I considered a few additional paths. I considered, and discarded, the Wounded Healer when I reread the Bound Princess and realized it was pretty close to the same thing. I also considered the Mother, as more feminine archetypes would be nice to have and it's a pretty profound trope that would fit, for example, House Elegans. I also considered the Artificer or the "Lawbringer," the cultural hero who sets up the traditions everyone currently knows, and who is the font from whom artifacts and relics spring, but is punished for his deed: think Prometheus. I still like this idea, but it needs to be carefully divorced from the Mystical Tyrant (though it tickles me to think of the forger of ancient traditions as ultimately arising from Dark Communion).
So, like I said, I had been thinking about "The Wounded Healer" when I realized that the Bound Princess was too similar. So I did what I usually do in such cases, and started paging through Unknown Armies, looking for ideas. I picked up the new edition and, lo, there it was: the Good Citizen. The idea of the Good Citizen was that he was some nameless nobody who protected his community. Greg Stolze clearly drew inspiration from the George Zimmerman/Trayvon Martin tragedy, but as is typical of the Unknown Armies avatars, generalized it to a broader concept. I personally fell in love with the concept: the namelessness is perfect for True Communion, as it dissolves the self into the greater community, and the character fights for the traditions of his people. The idea here is that when the law fails, the people must rise up to support what should be the law, which is an embodiment of the Super-Ego if I ever saw one.
So I began to write.

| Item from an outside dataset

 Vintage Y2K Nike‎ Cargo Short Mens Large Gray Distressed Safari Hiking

Obviously, if we need to hide who we are, we need a mask, at least a symbolic one, and that probably means you need some symbol to fight behind, and you need some community, some tradition to fight for, preferably in circumstances when that law has failed. Oh, I then realized, I've recreated super-heroes.

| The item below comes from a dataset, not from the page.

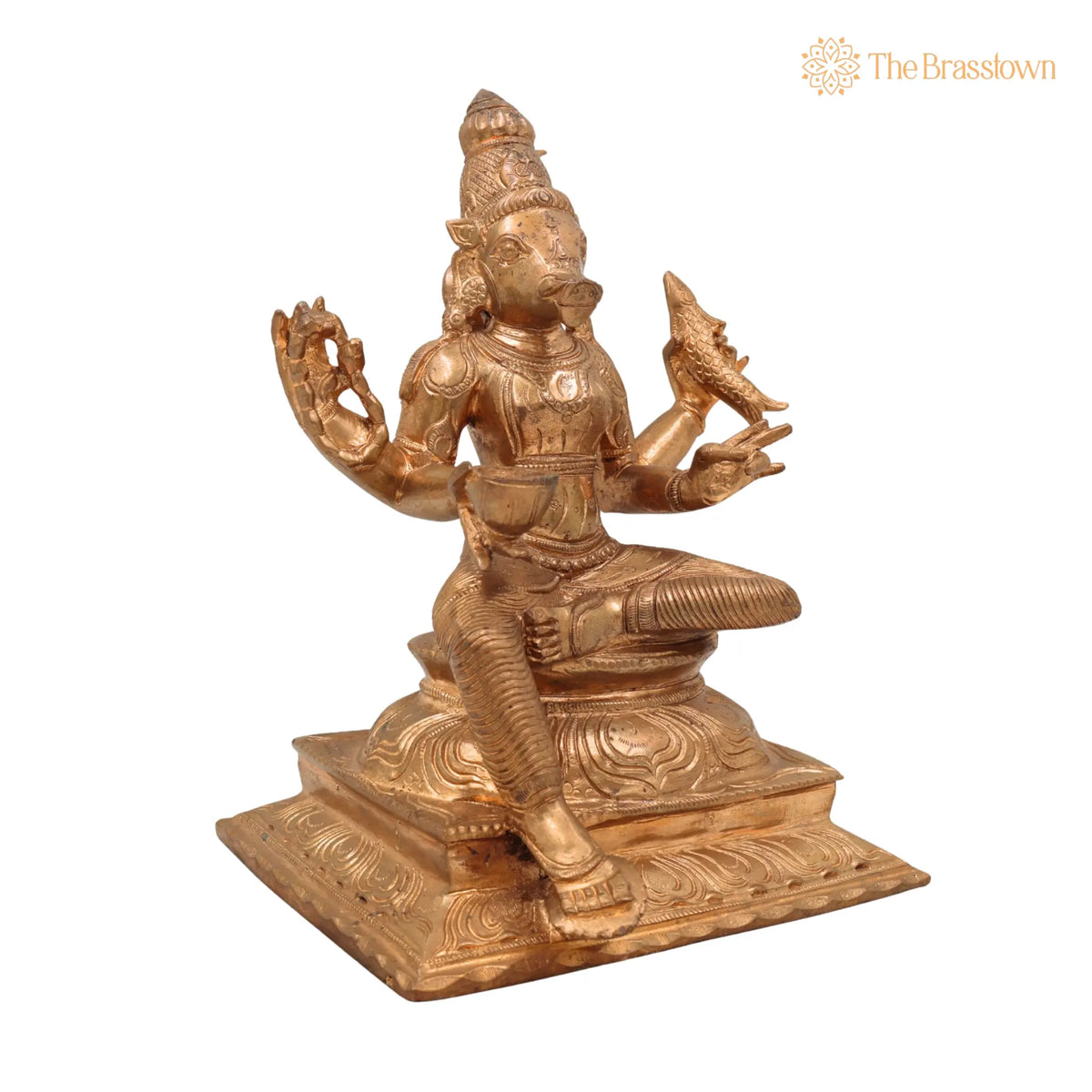 Handcrafted Bronze Varahi Devi Panchaloha Idol – Chola Art Varahi Amman, Ashta Matrika Varahi, Panchami Varahi 9 Inch 2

Of course, I've studied the history of super-heroes more than most people (there was a wonderful, huge history of Marvel book in my library in highschool. I wasted many a lunch hour poring over that hoary tome). Super-heroes got their start in the early 20th century, in the eras of the Depression and Prohibition. They were often stories of valiant, masked everymen who beat of mafiosos. We tend to forget, in our coddled 21st century, just how bad crime was during the Golden age of Comics (and a few other eras in which crime ran rampant, such as the 70s). A kid might know of people who were killed by gang violence, and turn to the comforting pages of a comic book to see Superman or Batman beat up the guys who were killing people in the streets. Of course, the same era saw the peak of the KKK, which is largely built on the same roots: the sense that something has gone deeply wrong with society and that everyday people need to do something to take it back. This suggests something nefarious about the Nameless Hero, but remember that I said that True Communion needn't be good. We often see tropes of the "masked everyman" rising during times of chaos to restore 'the old ways," but those times of chaos are also times of progress, which makes the nameless hero a potential enemy of change.
Naturally, the Nameless Hero and the Righteous Crusader have numerous similarities, so this resulted in some clarifications of the Righteous Crusader. The Crusader became the hero-who-goes-out, the knight to fights supernatural dragons and stands for the formal order. He obeys the law. He is the law. And he wears shiny armor. He is "superman." The Nameless Hero is the hero-who-stays, the man who stands up for his neighbors and his family. He fights mundane monsters, like crime and corruption, and he stands for an informal order. He obeys an unspoken tradition. He is community justice. He is "batman." He's the father with a shotgun who guards over his daughters as they sleep; he's the gossiping housewife who frets over the rise of drugs in her street; he is the activist who writes letters and tries to get people to see how the streets have become worse.